§ **Task item**:
Extract from the entries below, exactly as given, only the lines from the line containing "Insufficient activity, for" to the line containing "Hey guys, this", both lines included.

§ **Data extracts**:
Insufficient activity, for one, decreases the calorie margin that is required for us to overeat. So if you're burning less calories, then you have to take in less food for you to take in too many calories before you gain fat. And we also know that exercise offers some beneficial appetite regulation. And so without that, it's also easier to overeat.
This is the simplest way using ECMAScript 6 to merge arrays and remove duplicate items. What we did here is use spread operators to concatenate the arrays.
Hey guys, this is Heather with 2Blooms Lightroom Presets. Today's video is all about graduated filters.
* * *
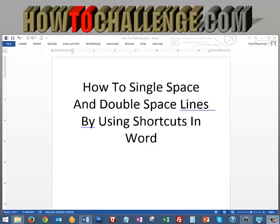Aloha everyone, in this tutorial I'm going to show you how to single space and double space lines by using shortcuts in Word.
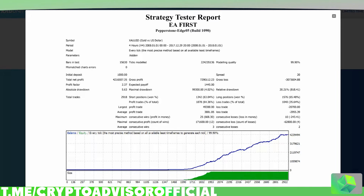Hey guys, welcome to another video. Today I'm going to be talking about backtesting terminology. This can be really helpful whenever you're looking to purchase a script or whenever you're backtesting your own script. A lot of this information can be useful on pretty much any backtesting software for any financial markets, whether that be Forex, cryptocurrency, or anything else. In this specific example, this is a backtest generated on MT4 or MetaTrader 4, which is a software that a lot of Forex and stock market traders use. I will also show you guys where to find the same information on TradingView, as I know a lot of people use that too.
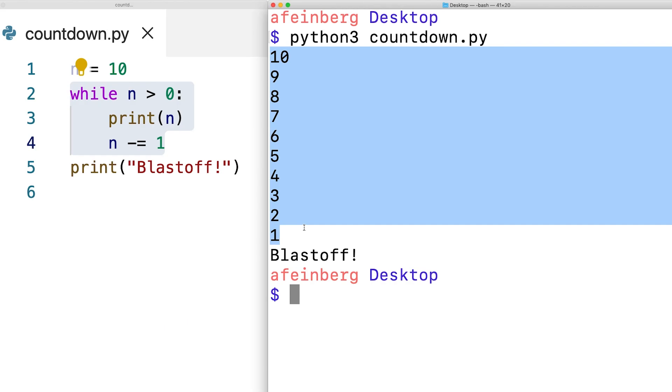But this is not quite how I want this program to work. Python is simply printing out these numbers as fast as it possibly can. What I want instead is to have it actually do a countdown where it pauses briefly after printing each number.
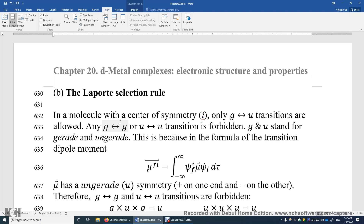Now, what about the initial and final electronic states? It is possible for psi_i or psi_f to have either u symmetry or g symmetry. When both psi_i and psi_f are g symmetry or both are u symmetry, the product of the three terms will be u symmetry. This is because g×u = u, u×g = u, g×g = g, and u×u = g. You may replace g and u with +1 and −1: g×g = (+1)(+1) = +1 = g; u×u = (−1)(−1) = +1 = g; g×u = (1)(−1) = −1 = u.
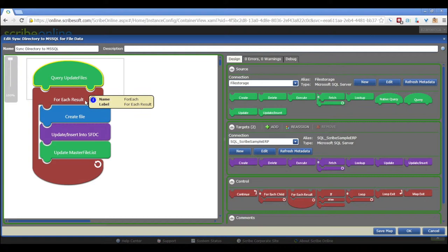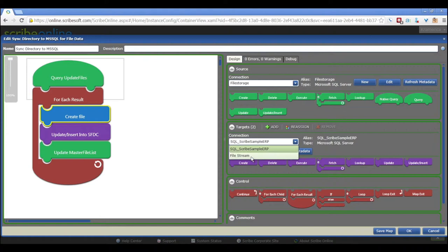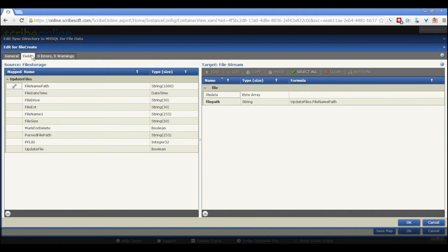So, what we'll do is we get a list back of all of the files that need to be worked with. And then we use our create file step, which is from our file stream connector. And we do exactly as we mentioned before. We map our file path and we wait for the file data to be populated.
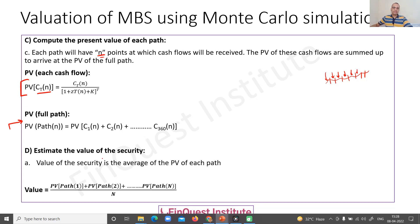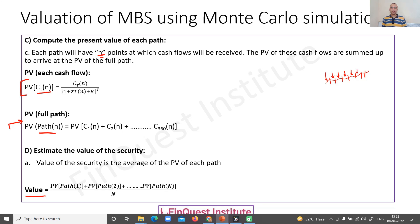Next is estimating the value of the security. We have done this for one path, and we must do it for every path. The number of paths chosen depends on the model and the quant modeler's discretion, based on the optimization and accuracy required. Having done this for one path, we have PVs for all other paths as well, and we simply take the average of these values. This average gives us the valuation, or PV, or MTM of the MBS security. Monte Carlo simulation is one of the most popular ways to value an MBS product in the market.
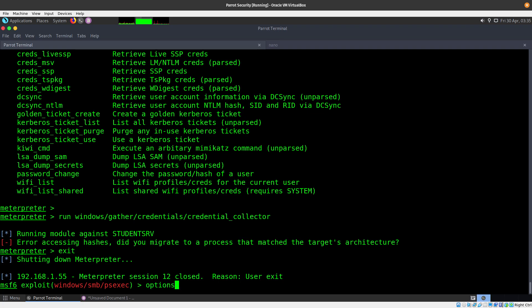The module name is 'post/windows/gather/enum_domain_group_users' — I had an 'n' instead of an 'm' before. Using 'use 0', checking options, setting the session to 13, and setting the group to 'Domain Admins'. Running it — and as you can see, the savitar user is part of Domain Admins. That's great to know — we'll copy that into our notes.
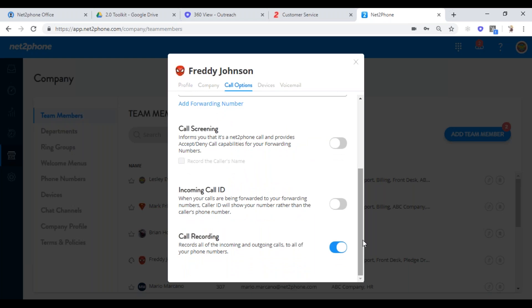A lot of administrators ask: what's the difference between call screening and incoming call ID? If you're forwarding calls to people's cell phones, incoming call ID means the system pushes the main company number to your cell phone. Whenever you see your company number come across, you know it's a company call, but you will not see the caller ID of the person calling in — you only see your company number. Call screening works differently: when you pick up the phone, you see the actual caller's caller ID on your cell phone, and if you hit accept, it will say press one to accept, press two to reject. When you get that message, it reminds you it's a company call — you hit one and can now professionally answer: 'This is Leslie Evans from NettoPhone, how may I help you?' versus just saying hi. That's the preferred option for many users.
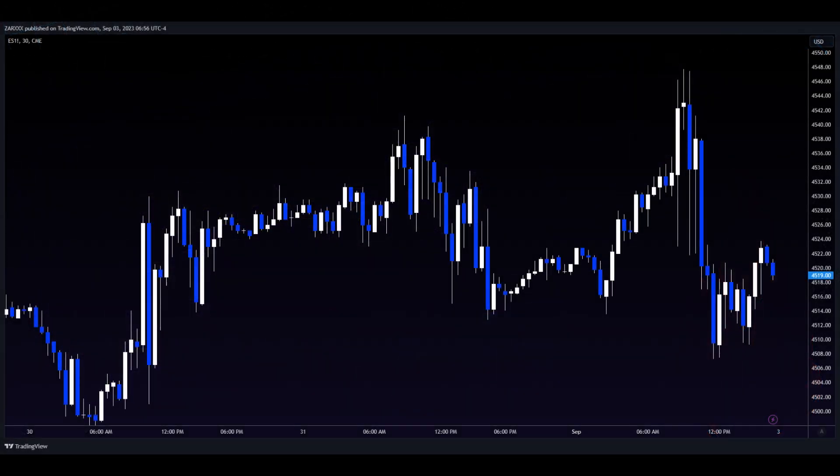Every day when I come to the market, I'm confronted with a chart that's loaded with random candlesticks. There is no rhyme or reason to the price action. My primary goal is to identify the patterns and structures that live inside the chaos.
---
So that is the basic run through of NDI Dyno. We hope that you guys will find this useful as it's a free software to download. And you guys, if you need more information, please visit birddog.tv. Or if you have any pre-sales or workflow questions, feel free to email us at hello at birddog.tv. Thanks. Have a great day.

§ **Response to the exercise**:
Insufficient activity, for one, decreases the calorie margin that is required for us to overeat. So if you're burning less calories, then you have to take in less food for you to take in too many calories before you gain fat. And we also know that exercise offers some beneficial appetite regulation. And so without that, it's also easier to overeat.
This is the simplest way using ECMAScript 6 to merge arrays and remove duplicate items. What we did here is use spread operators to concatenate the arrays.
Hey guys, this is Heather with 2Blooms Lightroom Presets. Today's video is all about graduated filters.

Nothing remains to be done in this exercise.